Henri Rousseau, called Le Douanier (1844-1910) La Charmeuse de serpents [The Snake Charmer] 1907 Oil on canvas H. 169; W. 189.5 cm Paris, Musée d'Orsay, Jacques Doucet bequest, 1936
Henri Rousseau, called Le DouanierThe Snake Charmer© RMN-Grand Palais (Musée d'Orsay) / Hervé Lewandowski
Two years after the major exhibition Manet. Ritorno a Venezia, the Public Establishment of the Musée d'Orsay and Musée de l'Orangerie is once again joining forces with the Fondazione Musei Civici di Venezia to organise an extensive exhibition dedicated to Henri Rousseau, aka Le Douanier. Works by Henri Rousseau conserved at our two museums have been loaned for this event for display in the Ducal Palace, in the apartments of the Doge’s Palace, forming the heart of a presentation celebrating the originality of the French painter through the prism of his relations to archaism.

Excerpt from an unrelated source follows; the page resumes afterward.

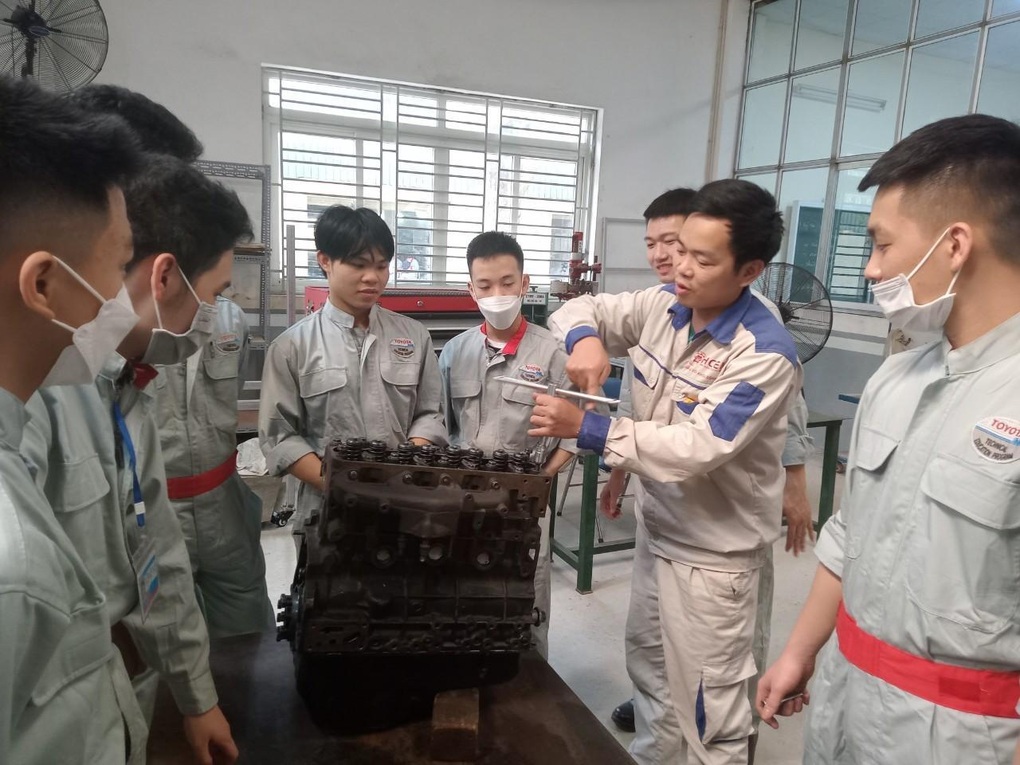 Học bổng dạy nghề Toyota: Cánh cửa tương lai cho học sinh khó khăn - 1 Học bổng dạy nghề Toyota: Cánh cửa tương lai cho học sinh khó khăn - 1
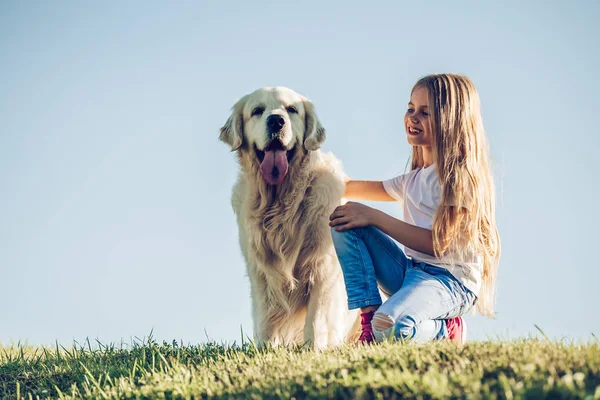 Schattig meisje met hond — Stockfoto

It would be futile to try to label Henri Rousseau's work (Laval, 1844 - Paris, 1910) as his painting defies any attempt at categorisation. The story of his recognition is thus based on a series of misunderstandings. Both rejected by critics for his "naive" style and appreciated by artists for the very same reason, Henri Rousseau declared himself a "realist" painter. This exhibition thus aims to underline the paradox of an eminently singular artist whose works are nonetheless anchored in his era, by comparing his painting to some of his sources of inspiration, those of a 19th century divided between academism and new painting, and to works by avant-garde artists who enthroned him as the father of modernity.